Article on forensic linguistics

Good article on forensic linguistics in the Washington Times, with input from well-known forensic linguists (via Forensic Linguistics list).

Inter alia, Ted Kaczynski, the Unabomber, was pinned down because he wrote, ‘You can’t eat your cake and have it too’, a less common form than ‘You can’t have your cake and eat it too’, but more correct and used in middle English.

bq. Matters can be as simple as knowing that a fourth-grade dropout is unlikely to write a purported written confession to police containing the words “this perpetrator then approached my vehicle,” and as complicated as recognizing the existence of individual dialects and geographical disparities in certain words or phrases that aren’t always in the dictionary. Thus, a strip of land beside a street curb may be known variously as a “tree box,” a “county strip” or a “devil strip.”

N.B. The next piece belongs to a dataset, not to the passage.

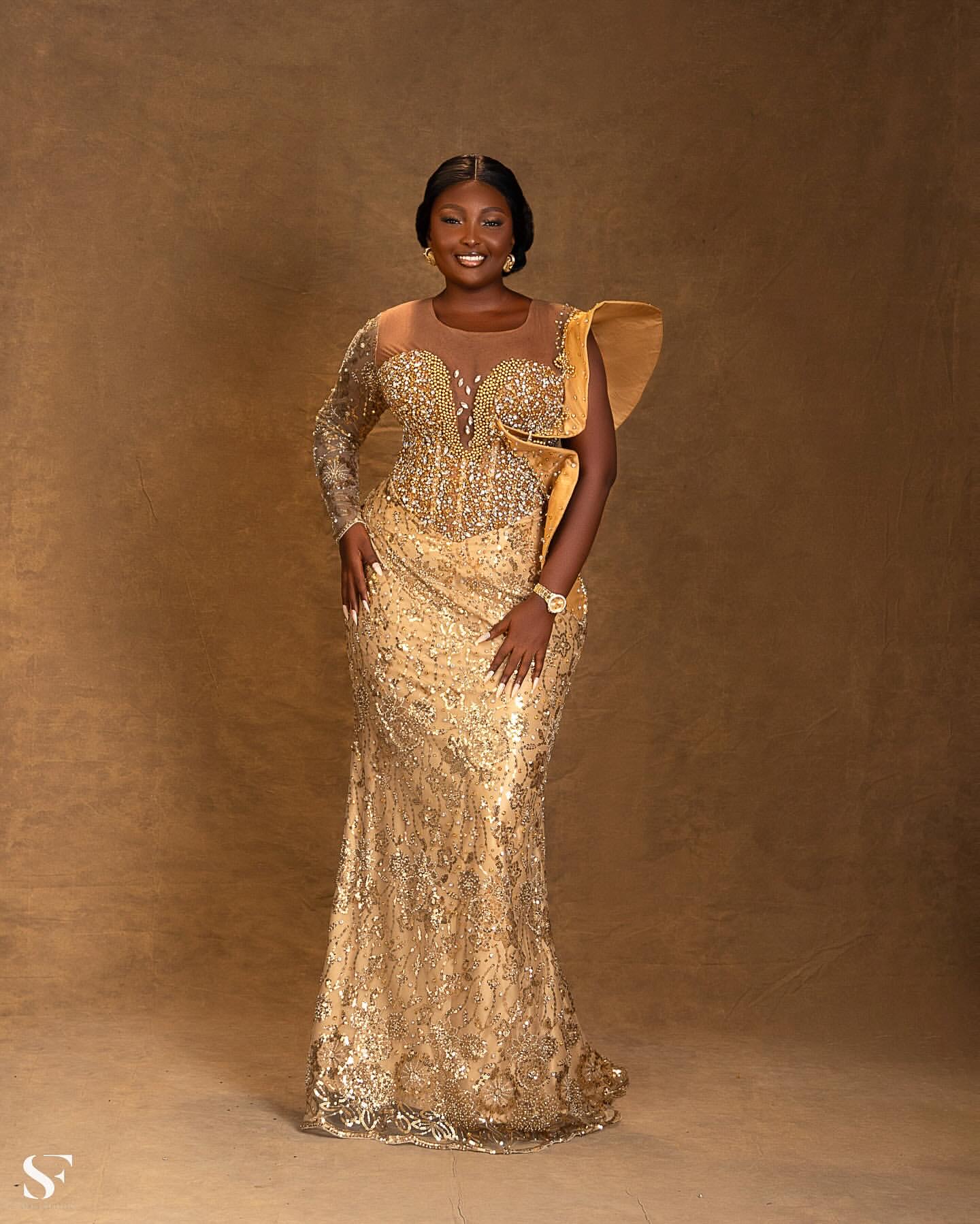 2024 Plus Size Gold Mermaid Prom Dress Lacefull Promdress Beaded Crystals Lace Evening Formal Party Second Reception Birthday Engagement Gowns Dresses
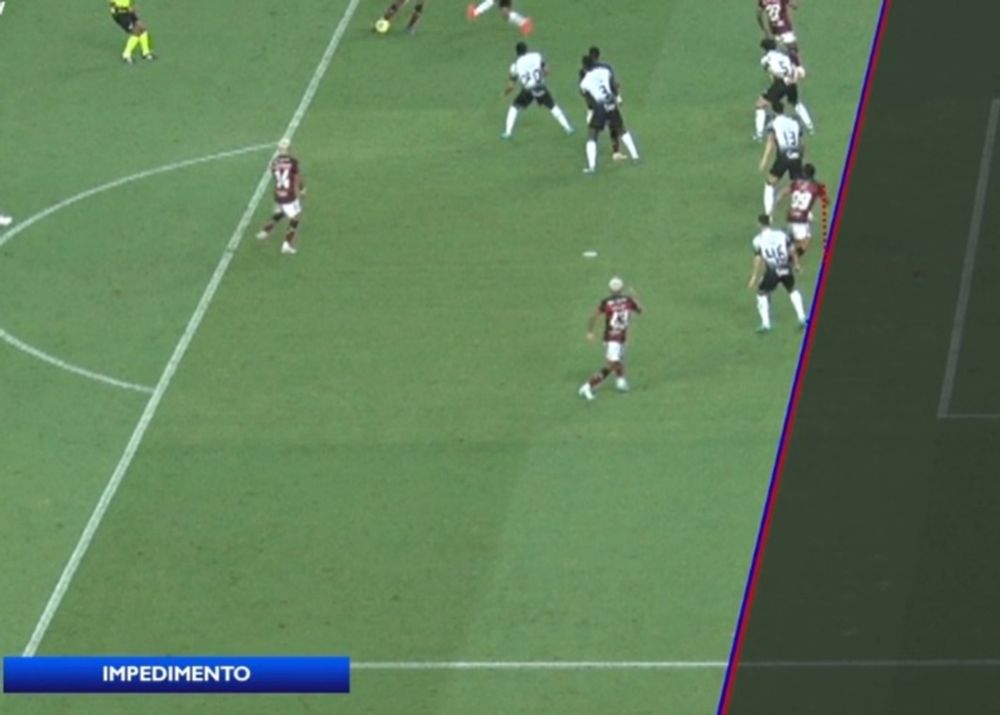 Análise do VAR gera dúvida em gol anulado e ignora pênalti do Corinthians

2 thoughts on “Article on forensic linguistics

  1. “a less common form than ‘You can’t have your cake and eat it too’, but more correct”

    Why more correct? ‘And’ is a commutative operator, unlike ‘if . . . then’. Order makes no difference.

    Bob

  2. Actually, I’m rather late with this report and I see that Language Log has already discussed it here – Benjamin Zimmer shares your suspicion of the Washington Times article’s reference, and there is a reply from the originator of the reference to having your cake, James R. Fitzgerald.